THREE: BALLOON FEAR: THE BEGINNING
When I was three, I overheard my parents discussing an event that occurred near Vancouver, where we were living. A weather balloon had come down in the Rocky Mountains to the east and I thought that people had been hurt. Listening to my parents talking about it affected me. When you are so young and hear such an event being discussed in hushed tones of gravity, you are struck with a sense that something is dire. For some reason, I decided that I had to try to make everything alright again.
I left home to try to go and find this balloon and perhaps save some people.

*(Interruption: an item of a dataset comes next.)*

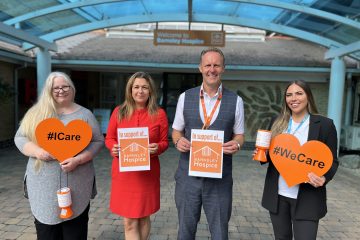 Photo of Simon Atkinson standing outside the Barnsley Hospice reception with representatives from City Taxis. The group are holding heart shaped signs saying We Care and posters in support of the hospice.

But mostly to make my parents happy again and thus align the planets so that my world would again be the happy and serene place that I knew and loved. My parents thought I had run away. I never told them about my feelings prompting my decision to leave. They launched a search party for me.
Family friends found me wandering the streets of Vancouver, where I refused any attempt of theirs to coerce me into their car. Eventually my father arrived to take me home. I'm not sure my parents ever knew precisely why I had "run away".

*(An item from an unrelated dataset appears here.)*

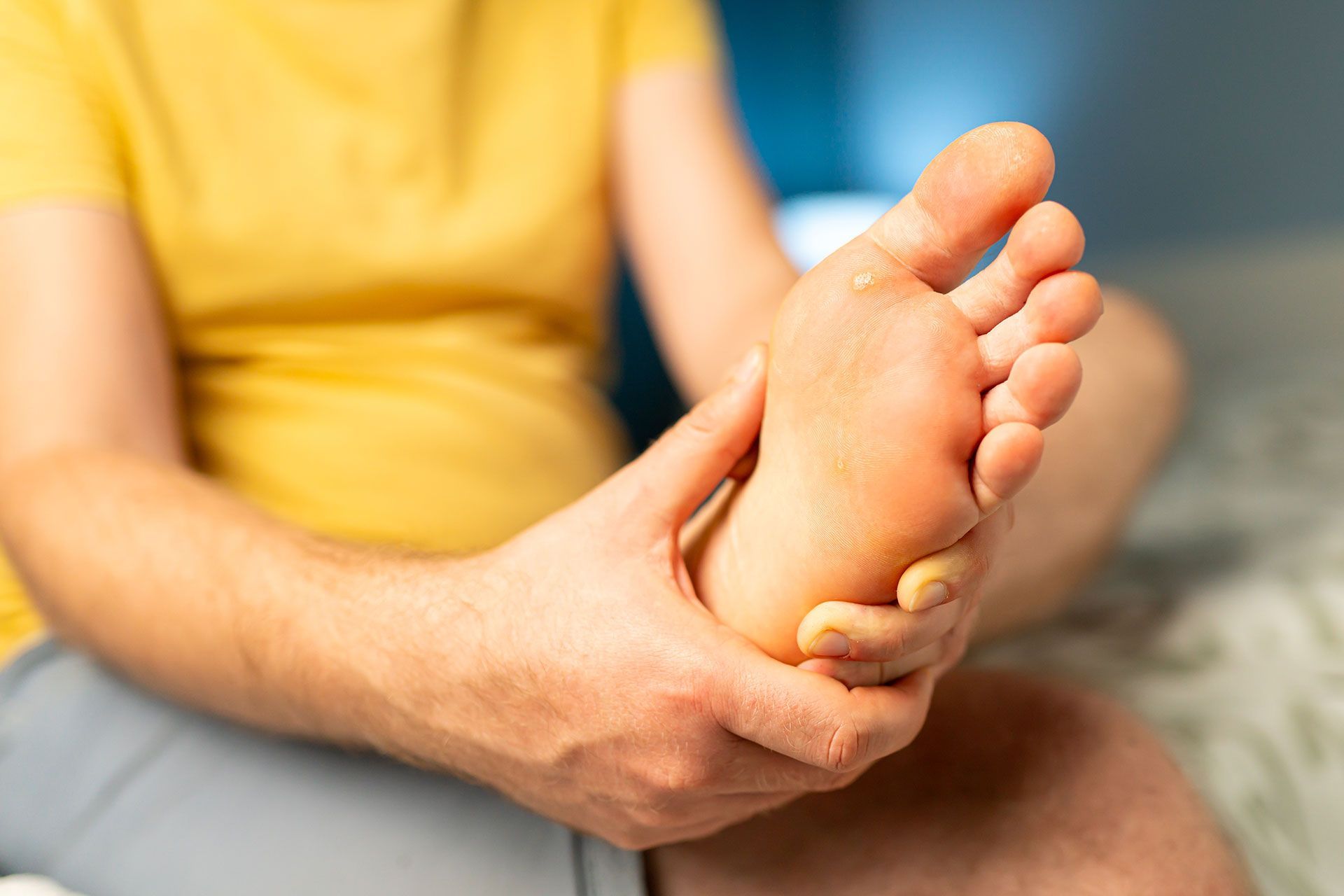 A person is getting a foot massage on a table.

In the late 1970s I worked for a man who was a friend and business associate of Maxie Anderson, the mining engineer, vineyard-owner and hot air balloonist. This is a link to the Wikipedia entry on Maxie:
http://en.wikipedia.org/wiki/Maxie_Anderson During the transatlantic flight of his 'double Eagle II' balloon in August 1978, Maxie phoned us in Toronto from the balloon. I was thrilled to be able to speak to him during such an historic event and was touched that he had even thought to call us. It was a moment I will never forget. I had "known" Maxie for a couple of years and liked him very much. He was a man with a great appreciation for humour. He was one of the nicest businessmen I ever dealt with, and was an adventurer and a true free spirit. To this day I admire those qualities most in people.

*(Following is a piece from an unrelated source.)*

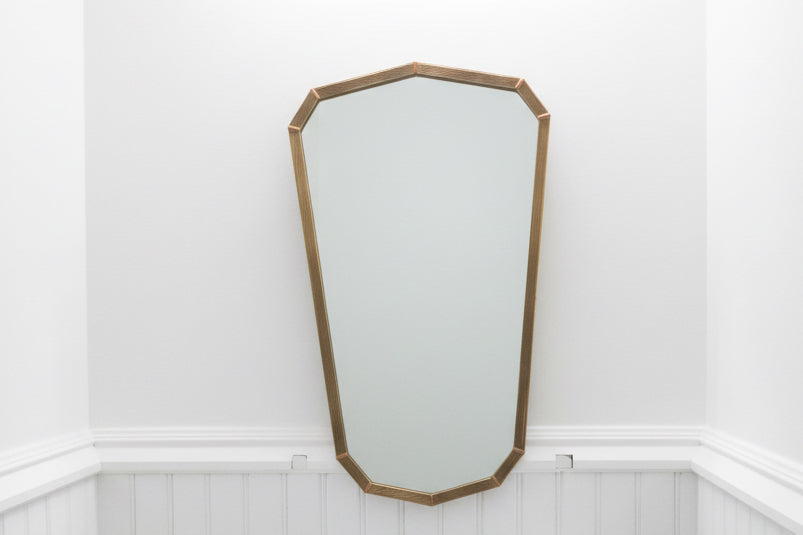 Vintage brass shield mirror with ornate frame, decorative wall mirror for classic or antique-style interior decor.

Years later in 1983, I was horrified to find out that Maxie had been killed in his balloon 'Jules Verne' in Germany. My balloon fear became imbedded in my psyche. To this day I am terrified of balloons popping at children's birthday parties. I have been known to run from rooms, my hands clapped over my ears in terror. I cannot be present when clowns are twisting balloons into animal shapes. I have a complete inability to blow up balloons for children.